И это-то был его заливистый вагонный рассказчик, такой улыбчивый, симпатичный, душа смоленских мест?! Какое у него уклончивюе, непрямое, замкнутое лицо! Какой, оказывается, нехороший человек...

— Ты — что?? — со всей силой внушения вталкивал ему Ярослав. — Ты — куда? Ты — кому? Ведь мы сейчас под пули пойдём, может завтра в живых не будем, ты — озверел, ошалел? — Но ещё с надеждой, страдательно: — Что с тобой, Вьюшков?

Всё так же закрыто, не глядя, косо-потупленно:

— Простите, ваше благородие. Лукавый попутал.

Ну пойдём со мной, пойдём!

А ноги Вьюшкова — как вросли, от узла не идут.

А навстречу — Крамчаткин, лучшая служба взвода, — нет, не Крамчаткин! — что он красный такой, он шатается на ходу, он поёт, не то бормочет? — нет, Крамчаткин, он увидел своего офицера — и приструнивается, и берёт шаг, и даже печатает по гладким плитам, — но почему ноги забирают одна за другую, почему глаза такие вылупленные дико — а рука взброшена точно по форме:

— Ваше... пре... благородие, разрешите доложить? Рядовой Крамчаткин Иван Феофанович из отлучки...

Но — косая сила завернула его по дуге вместе с честью — и безжалостно шлёпнулся он на тротуар, и фуражка откатилась.

Младший брат! Гордость моя, Иван Феофанович!

С ужасом, но кажется уже и с гневом, Ярослав спешил дальше. Ведь предупреждали: мародёров — пороть нещадно, наказывать телесно! Но мародёры представлялись далёкими чужими злодеями, не своими же нарвцами, не из своего же взвода!

Сейчас — с оружием и с полной амуницией поставить их на солнцепёке в строй! И — разнести их, прочесть им та-кое внушение! И каждого разобрать — кто что взял! И — каждого заставить бросить...

Вот тот дом! Ворота были нараспашку, и видно, как во дворике обмывался в жарком токе углей закопченный котёл, пристроенный на шестиках. А вокруг сидели на кирпичах, на ящиках и как попало человек пятнадцать из харитоновского взвода. На земле и возле ног стояли у них консервные банки, лежала еда разная, уж ею особенно и не потчевались, а больше — пили, котелками и кружками черпая из котла.

Сразу мелькнуло: перепились! из котла черпают хмельное!?.. Но тогда зачем костёр?..

Нет, хмельность лиц была не пьяная, а благодушная, — доброжелательность пасхального розговенья. С застольной мирной неторопливостью улыбались друг другу, беседовали, рассказывали. В стороне, в пирамидках по несколько, стояли ненужные винтовки.

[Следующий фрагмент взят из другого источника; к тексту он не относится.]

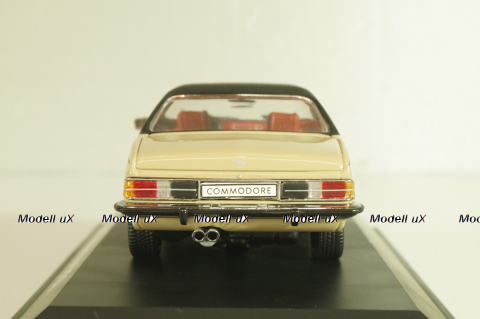Opel Commodore (B) GS 1972, light creame/black, 02771, Schuco 1:43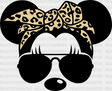 Minnie Safari Disney Dtf Transfer Adult Unisex - S & M (10’) / Black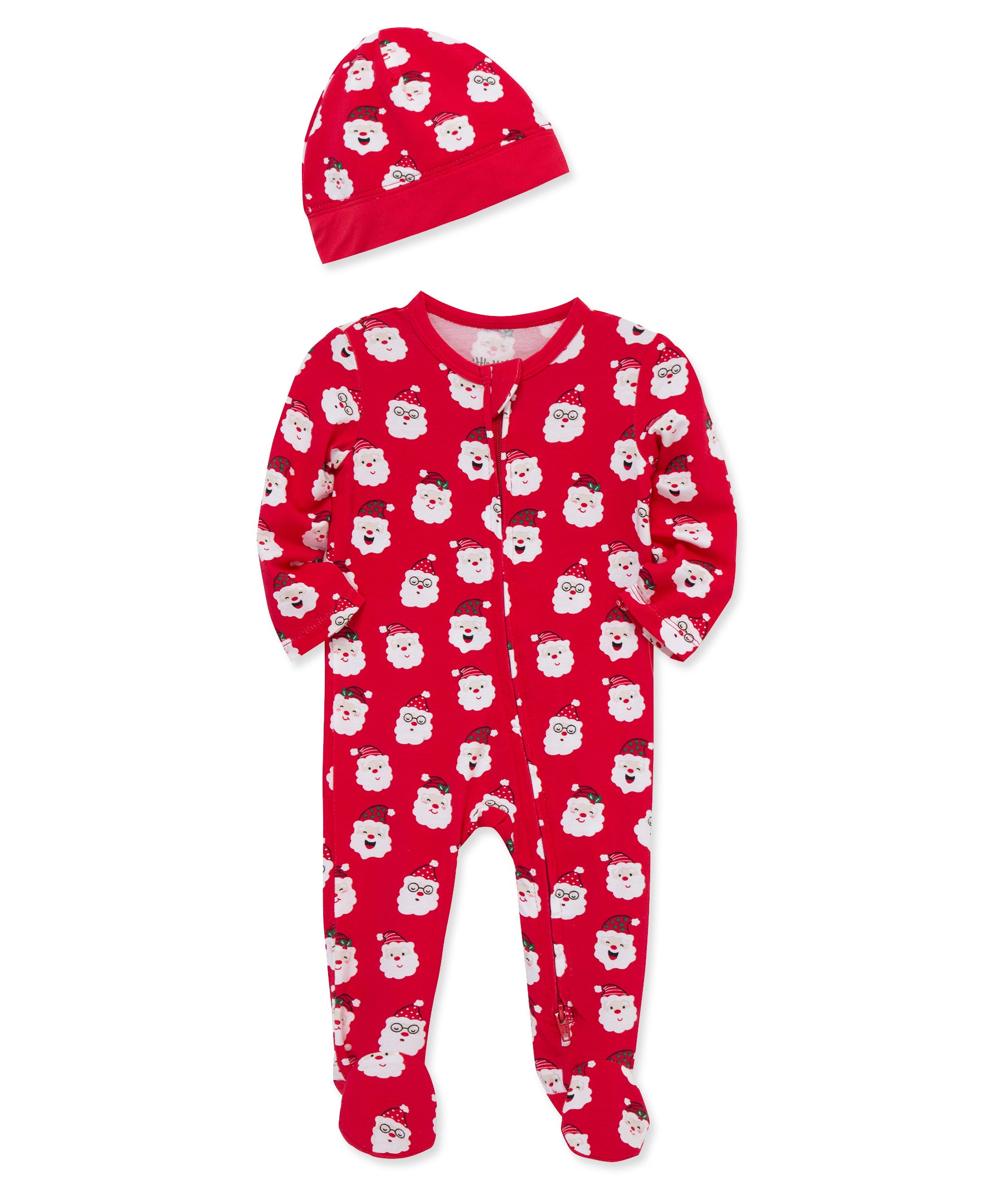 Fun Santa Footie & Hat Set (NB-9M) - Little Me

Увидели своего подпоручика — не испугались, а оживились, обрадовались, место расчищали:

— Ваше благородие!.. Ваше благородие, сюда, к нам извольте! — а двое с кружками засуетились, один полоскать, один и так, наперегонки зачерпнули, наперегонки понесли ему, горячие и полные всклень, с улыбками пасхальными:

— Ваше благородие, кака́ва какая!

А Наберкин — маленький, кругленький — да на ножках быстрых, всё-таки выпередил, и голоском писклявым:

— Испейте какаву, ваше благородие! Вот ведь чем немец подкрепляется, стервец!!

И... — не кричать. Не распекать. Не строить в наказание. Даже не отклонить протянутое от изумлённого сердца.

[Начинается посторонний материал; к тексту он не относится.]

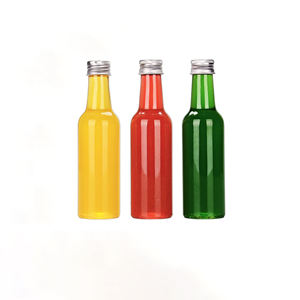 Wholesale 50ml 100ml 150ml Mini <b>Miniature</b> Leak Proof Plastic Juice Wine Beer Soda Tea Liquor <b>Bottle</b> with Screen Printing - Product Image 6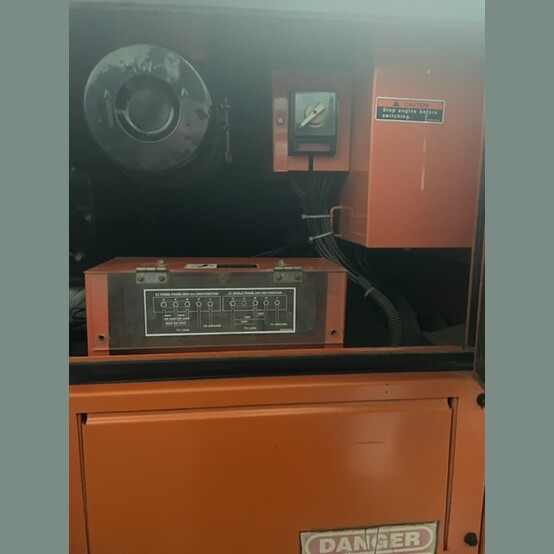 36 KW Multiquip Power WhisperWatt #DCA-45SSIUII, portable rental diesel generator, trailer mtd, 1,649 hours - Image 6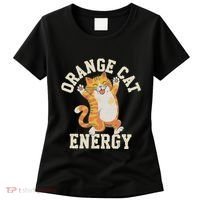 Orange Tabby Cat Orange Cat Energy Women's T-Shirt thumb 0
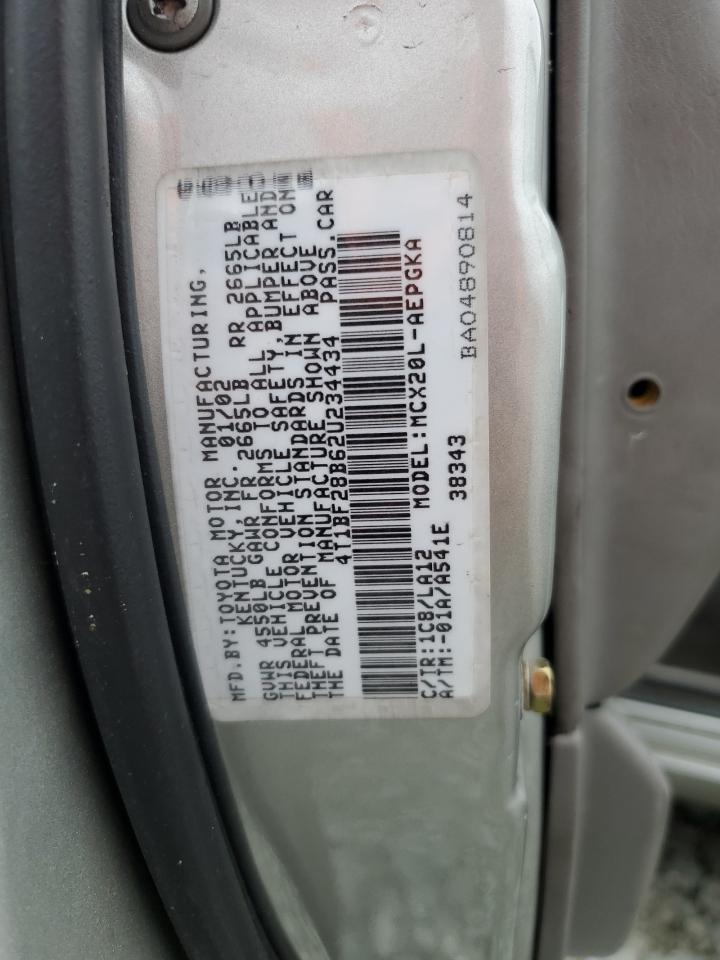 2002 Toyota Avalon Xl VIN: 4T1BF28B62U234434 Lot: 51579675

Булькнул Харитонов горлом пустым. Потом уж и глотком какао.

Задняя стена двора была невысока, за ней — незастроенное место, а дальше — горел двухэтажный дом с мансардой. Мелкими выстрелами лопалась черепица в огне. Сперва густо-чёрный дым вываливал из мансарды, а там прорвалось сразу в несколько языков сильное ровное пламя.

Видели, но никто не бежал тушить.

Дым и пламена с треском выбрасывали, выносили вверх чужой ненужный материал, чужой ненужный труд — и огненными голосами шуршали, стонали, что всё теперь кончено, что ни примирения, ни жизни не будет больше.